Berbisnis Dengan Hati

KEJUJURAN SEBAGAI KEUNGGULAN BERSAING

Oleh : Hermawan Kartajaya

Saya memikirkan compassionate marketing sejak tiga tahunan yang lalu saat skandal keuangan merebak di Amerika yang memuncak dengan tumbangnya perusahaan – perusahaan raksasa seperti Enron, Worldcom, atau Global Crossing.

Kasus manipulasi akuntansi terbesar dalam sejarah bisnis Amerika tersebut menunjukkan keadaan kita betapa semakin tingginya kompleksitas bisnis, semakin canggihnya tool – tool manajemen, dan semakain majunya perangkat regulasi, ternyata bukannya menjadikan praktek bisnis kita menjadi semakin dewasa dan beradab. Justru sebaliknya, ia semakin kebablasan tanpa etika, tanpa nilai – nilai moral, tanpa pegangan.

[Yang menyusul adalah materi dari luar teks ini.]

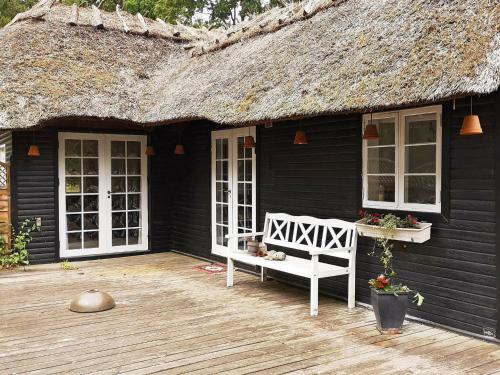 a black house with a white bench on a deck at 6 person holiday home in R dby in Rødby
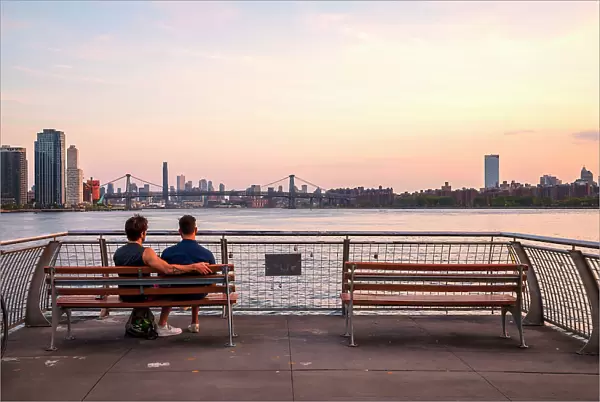 New York City, couple admiring view from WNYC Transmitter Park located in the Greenpoint neighborhood of Brooklyn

Saya berpikir apakah ini tanda akan datangnya akhir jaman. Bisnis telah kian terpuruk oleh tangan – tangan orang yang tidak punya etika dan moral. Bisnis tidak lagi dijalankan dengan semangat kejujuran dan keadilan. Apa yang kita lihat dari skandal tersebut adalah betapa para pebisnis semakin membabi – buta menghalalkan cara apapun untuk mengeruk keuntungan pribadi tanpa peduli hal itu merugikan pihak lain. Para pebisnis semakin kehilangan nuraninya. 

Kejadian di Amerika tersebut sesungguhnya bukanlah konsern utama saya. konsern dan keprihatinan saya justru pada praktek bisnis yang sudah berjalan bertahun – tahun di negeri ini. Kalau mau jujur, sesungguhnya apa yang terjadi di Amerika itu sudah menjadi keseharian kita selama ini. Secara kebetulan berita skandal itu di blow up besar – besaran media massa di seluruh dunia sehingga kita tahu dan tersentak karenanya.

Tapi bagi kita yang di Indonesia skandal tersebut adalah biasa saja. Karena di negeri ini praktek bisnis yang sepuluh kali lipat lebih kotor dari praktek bisnis yang dijalankan para eksekutif Enron itu begitu banyak dan telah membudaya selama tiga puluh tahun lebih.

Kongkalikong politisi – pengusaha!
Bisnis “nginjak kaki”!
Praktek suap dan mark – up!
Sogok – menyogok pejabat untuk memenangkan proyek!
Mendirikan bank untuk mengeruk duit masyarakat untuk mendanai bisnis grup!
Mengelabui bank untuk menguras koceknya!
Kolusi pejabat untuk mendapatkan monopoli!
Dan masih banyak lagi.
Kalau mau lebih detail lagi bacalah artikel, Saya Bermimpi Menjadi Konglomerat – nya Pak Kwik Kian Gie.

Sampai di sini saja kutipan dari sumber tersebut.